Having such a small group of people with the amount of power they have, especially without any check over them, is troubling, and greatly increases the changes of problems, if not outright misuse or abuse. Making things worse, that team now not only operates largely in secret, but anonymously (some of the comments in response to their announcement of that give you an idea of what is going wrong with that team). It all sounds a lot like a star chamber and it seems like a recipe for bad results, but before we get to an example of that, things get worse in terms of the team.

What appears to have gone on is that the WordPress Plugin Directory has become the fiefdom of two of the members, Mika Epstein and Samuel “Otto” Wood. Having those people in control of that is problematic, as both of them seem to be unwell. Among the many issues we have run across in limited cross of paths with them, one of them appears to be a fabulist and the other believes that “magic wizards” discover exploitable vulnerabilities. Samuel “Otto” Wood works directly for Matt Mullenweg, so he must have some idea who has empowered there.

Not Making Updates Available

Monday of last week the plugin WP DSGVO Tools (GDPR) was closed on the WordPress Plugin Directory. Because of its popularity, our systems alerted us to the closure and we checked to see if the plugin might contain a vulnerability that we should warn customers of our service about. Two days later, we publicly warned about a vulnerability in the plugin that is a type that, as we put in our headline, “hackers target”.

We full disclosed that vulnerability as part of a protest of the continued inappropriate behavior of the moderators of the WordPress Support Forum. Not only have both Mika Epstein and Samuel “Otto” Wood engaged in that type of behavior as moderators, but Samuel “Otto” Wood has been the person you are supposed to go to if there is a problem with a moderator (despite being a moderator) and he apparently has chose most of the members. Having the team running the plugin directory having the ability to shut down discussions about it on the support forum (as has happened), makes the problematic nature of the running the plugin directory even worse.

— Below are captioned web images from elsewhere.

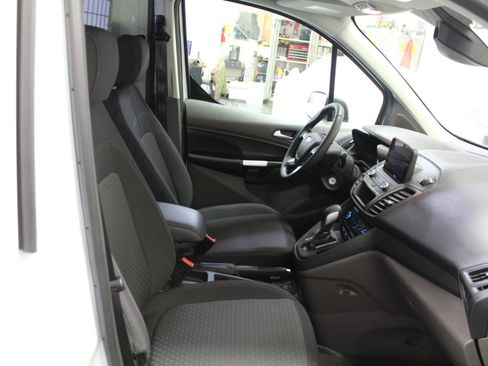 Used 2023 Ford Transit Connect XLT image 22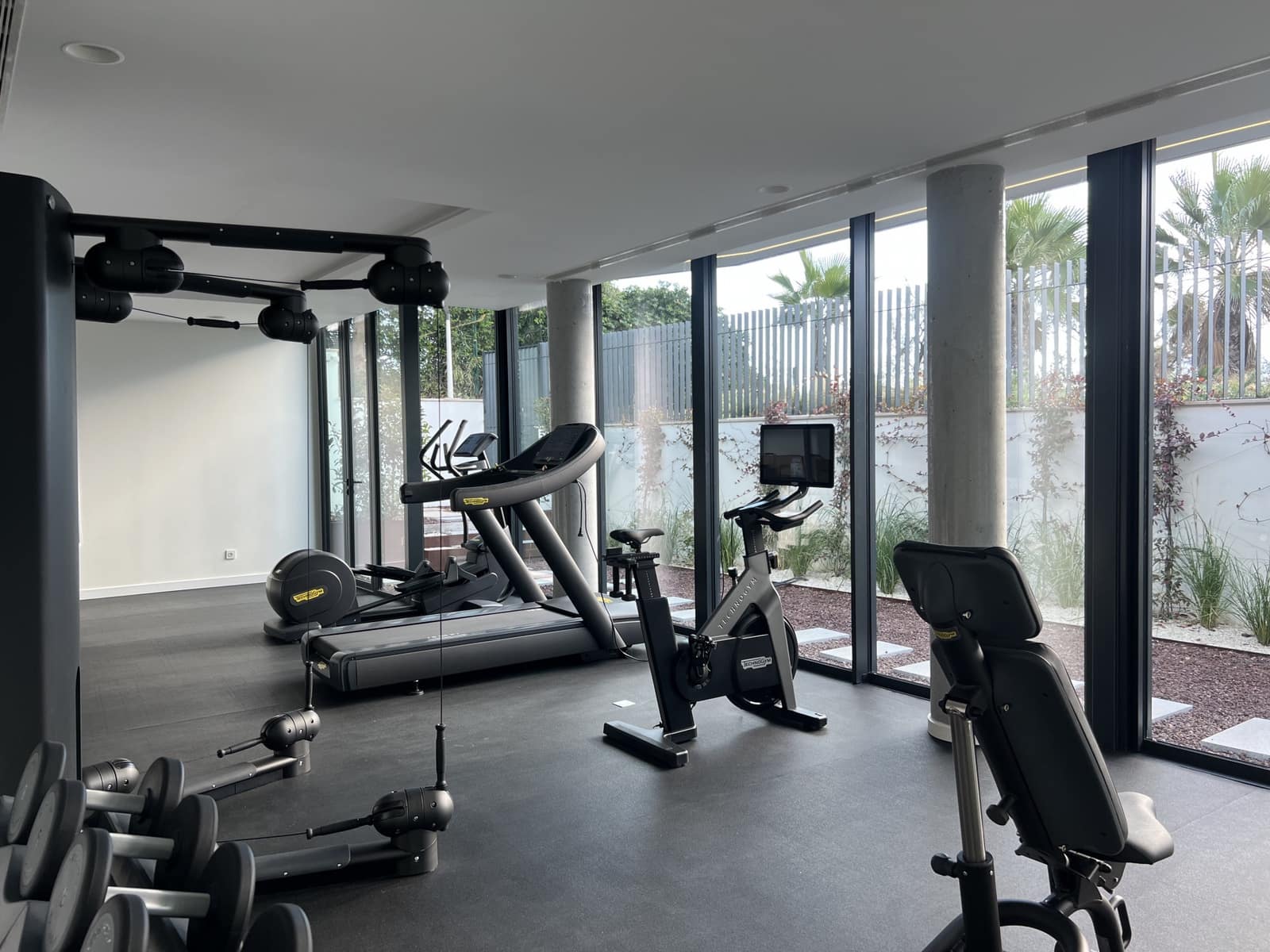 3 Zimmer Apartment zu verkaufen in Estepona mit Pool Garage - 3.360.000 € (Ref: 9245925)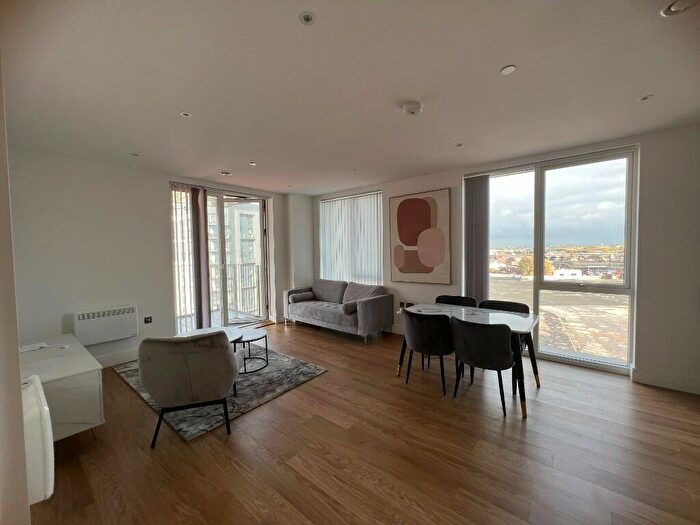 3 Bedroom Apartment To Rent In Pershore Street, Birmingham, B5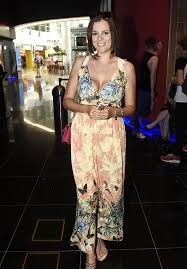 Facebook gives people the power. Ornella Koktova Provetrala Vnady V Obrim Vystrihu A Nenalicila Se Super Cz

Even if we were not doing full disclosures, in that situation we would need to quickly disclose the vulnerability. As there is a reasonable possibility that a hacker could discover it and we have no way of knowing when it will be reopened, so we would need to promptly warn our customers. We always warn the public at the same time we warn our customers, since we can’t assume that hacker won’t know about them once we warn our customers (hackers have tried to sign up for our service). (Another provider, by comparison, keeps the public in the dark about vulnerabilities, while providing information on them to anyone willing to pay them, including any hackers.)

At the point we disclosed the vulnerability the team running the WordPress Plugin Directory should have stepped in to action, but they didn’t. If the developer couldn’t quickly resolve it, they should have. We have offered to help them with that for years, but they haven’t taken up that offer or other’s offers to help them. Instead, the vulnerability wasn’t resolved until after a hacker had started exploiting it days later and it appears that team might not have informed them about the vulnerability either.

The team should better handle things, since we are not the only ones that are disclosing serious unfixed vulnerabilities. Last week someone posted exploit code for an unfixed vulnerability that hackers would be likely to target and shortly after that, we started seeing hackers probing for usage of it. (No fix has been made available for that.)

While the vulnerability was resolved, those using the plugin are not being provided the update to fix it, as the plugin is still closed and receiving more security updates. While making the plugin more secure is a good idea, it doesn’t make sense not provide the update to fix the more serious vulnerability in the meantime.

It seems like a good way to handle this is to provide those already using the plugin with an update, while not reopening the plugin. And that brings us back to the problem with relying on Mika Epstein and Samuel “Otto” Wood to run the WordPress Plugin Directory, as the team has the capability to do that, but doesn’t use it. We know they have it and it works, since we ran across an instance where they accidentally used it over two years ago. Four years prior, Mika Epstein stated that they had the capability.

So there is any easy change here, that for years hasn’t been made, despite the benefit it could have. And yet Mika Epstein and Samuel “Otto” Wood are allowed to continue to run the WordPress Plugin Directory.